===== Dataset extract =====

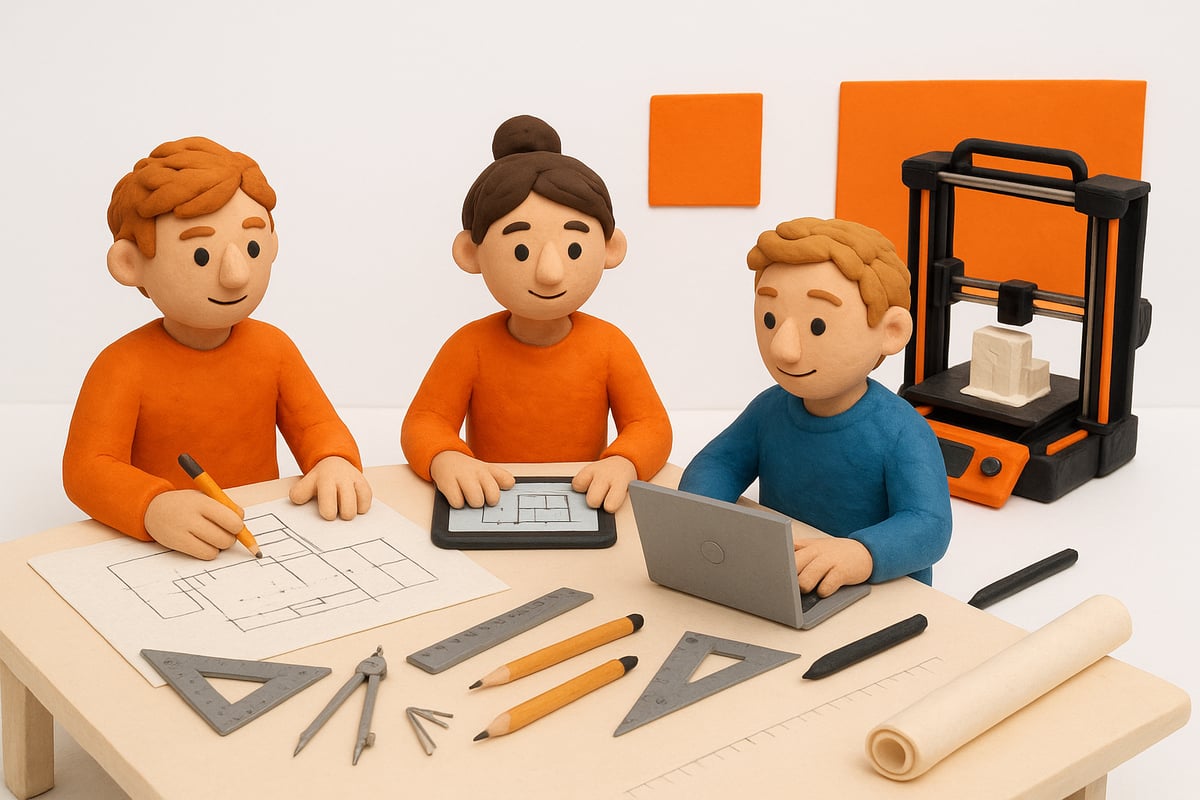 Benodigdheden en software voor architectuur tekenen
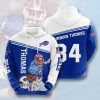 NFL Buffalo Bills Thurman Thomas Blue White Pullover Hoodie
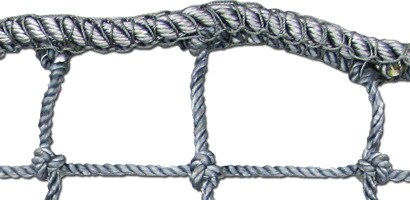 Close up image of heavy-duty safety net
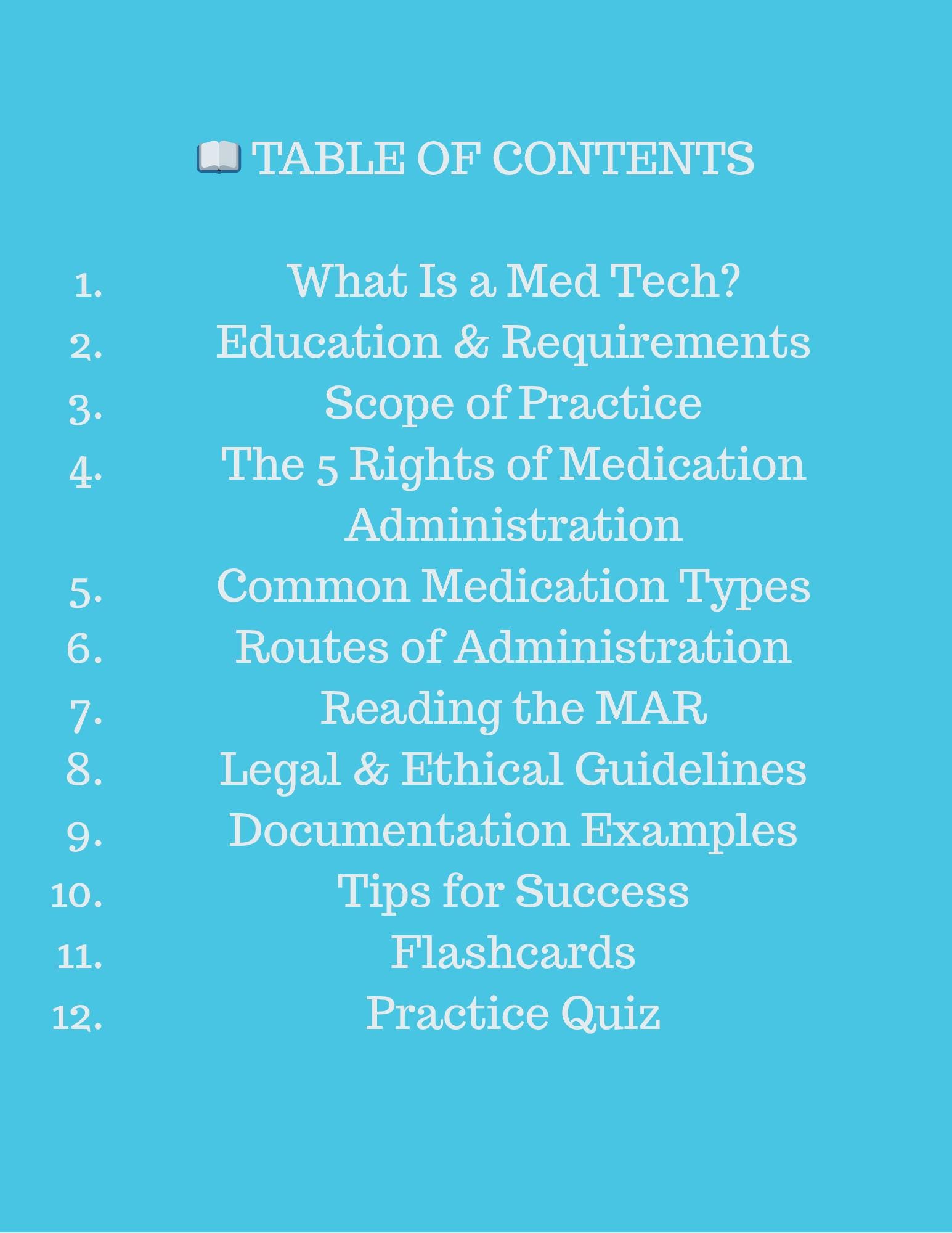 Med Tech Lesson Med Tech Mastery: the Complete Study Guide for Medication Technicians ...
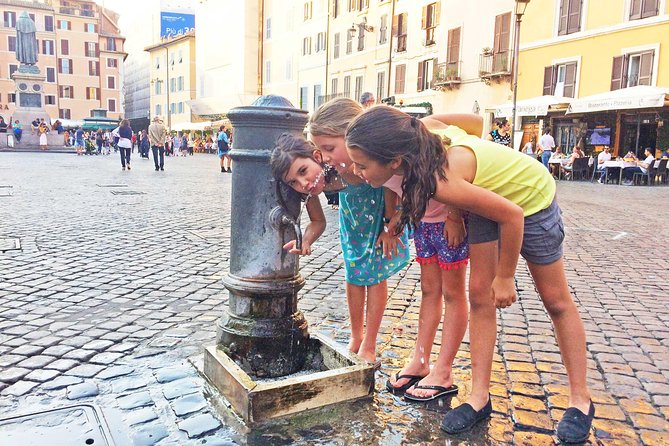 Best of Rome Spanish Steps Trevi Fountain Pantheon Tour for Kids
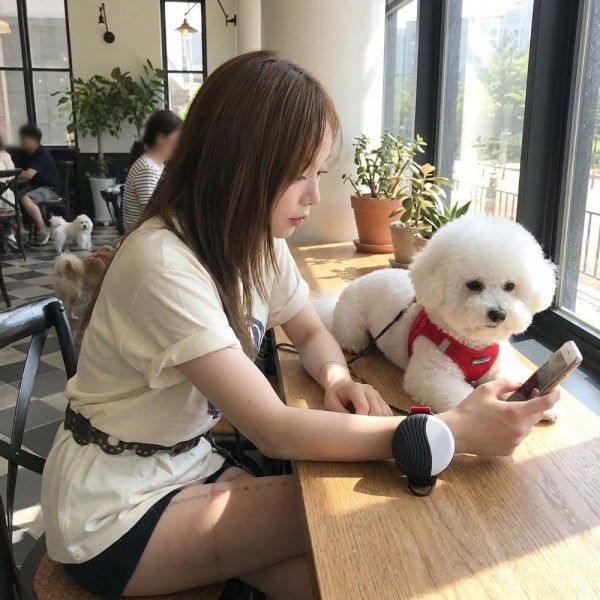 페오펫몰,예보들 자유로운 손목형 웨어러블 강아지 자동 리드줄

=====

The expected answer is an exact copy of the lines from the one containing "Med Tech Lesson" through the last line of the entries above, both included, without pictures.

Task solution:
 Med Tech Lesson Med Tech Mastery: the Complete Study Guide for Medication Technicians ...
 Best of Rome Spanish Steps Trevi Fountain Pantheon Tour for Kids
 페오펫몰,예보들 자유로운 손목형 웨어러블 강아지 자동 리드줄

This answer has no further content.